Los macedonios ex yugoslavos usaron como bandera el emblema solar de Vergina, símbolo de los reyes de Macedonia (un paño encarnado con un sol dorado). Tuvieron que modificar su diseño por la actual enseña, que es una adaptación menos irritante para los griegos macedonios. Se cambió también el nombre del aeropuerto de la capital, Skopje, bautizado como Alejandro Magno, todo ello fruto de un furor nacional tan calenturiento como delirante. La estatua de 22 metros de Alejandro que preside una de las plazas de la capital se ha convertido ahora, por la presión griega, en la de un héroe inconcreto, sin nombre. De Skopje nos han llegado dos reseñas recientes. Una habla del horterismo arquitectónico que la invade. La otra denuncia que es una de las capitales más contaminadas del mundo, mientras en el resto del país el aire también se resiente por la profusa combustión de fósiles, la deforestación y el urbanicidio.

Grecia y Macedonia del Norte firmaron en 2018 el Acuerdo de Prespa, que puso fin al litigio por culpa de la terminología nacional. La paz se selló en el pueblecito de pescadores de Psarades, junto a los dos lagos fronterizos que, igual que el lago Ohrid, señalan las melifluas fronteras entre los dos países y, también, con Albania. Nos recuerda la escritora María Belmonte en su libro En tierra de Dioniso. Vagabundeos por el norte de Grecia, que fue a orillas del lago Prespa, en un pequeño islote, donde el cineasta Theo Angelopoulos filmó una secuencia para La eternidad y un día. En ella el personaje principal, el escritor interpretado por Bruno Ganz, intenta recuperar las palabras exactas para componer su himno a la libertad.

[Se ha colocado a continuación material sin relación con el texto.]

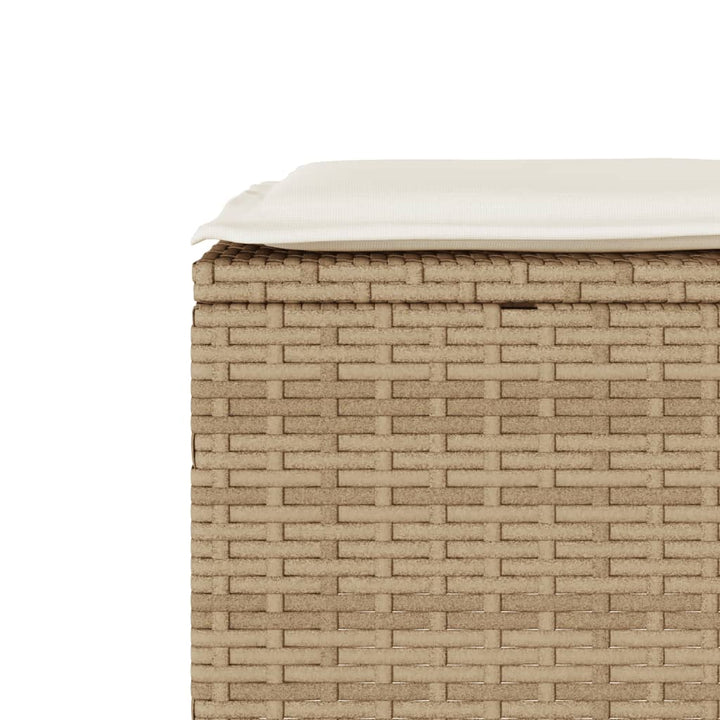 bistrosæt til haven 3 dele med hynder polyrattan beige
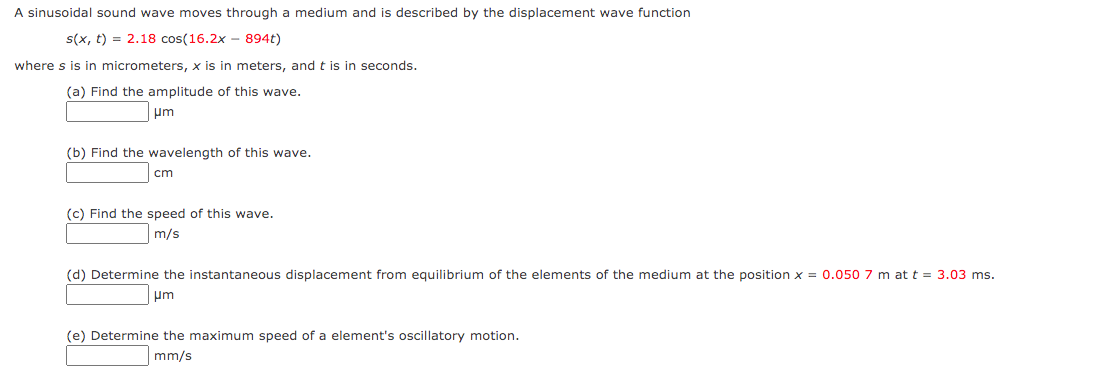 Answered A Sinusoidal Sound Wave Moves Through A Bartleby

Desde la sufrida Tesalónica (o Salónica), María Belmonte también evoca otras películas de Angelopoulos. Una inmensa mano, con un dedo truncado, aflora de entre el mar del golfo Termaico, como vemos en Paisaje en la niebla. Y, de nuevo en La eternidad y un día, el escritor Alexandros que interpreta Ganz recorre el paseo marítimo con su abrigo y con su perro. No sólo Macedonia, sino el norte griego de Epiro y Tracia, inspiran la trama de grises fríos que envuelven las películas de Angelopoulos, situadas casi siempre en tierras de frontera, como ocurre también en El vuelo suspendido de la cigüeña.

Antaño, Atenas miró con desdén a los bárbaros macedonios de los enclaves del norte. A través del citado libro de Belmonte visitamos Pela, hoy ruinosa, donde nació Alejandro. Hacemos parada en la también ruinosa Estagira, ciudad natal de Aristóteles, instructor del propio Alejandro. Evocamos la ciudad sagrada de los reyes macedonios, Díon (antes de las batallas se hacían aquí sacrificios de cien bueyes blancos en honor a Zeus). Redescubrimos Egas, primera capital del reino, excepcional hallazgo realizado en 1977, que dio con la urna funeraria de Filipo II. Ya en la Calcídica, nos entretenemos con las excentricidades religiosas del Monte Athos, cuna de la ortodoxia heredada de Bizancio, pero vetado a las mujeres. Todo esto y mucho más es la griega Macedonia. Si hay que elegir, preferimos su olvidado halo a los cromáticos azules del Egeo.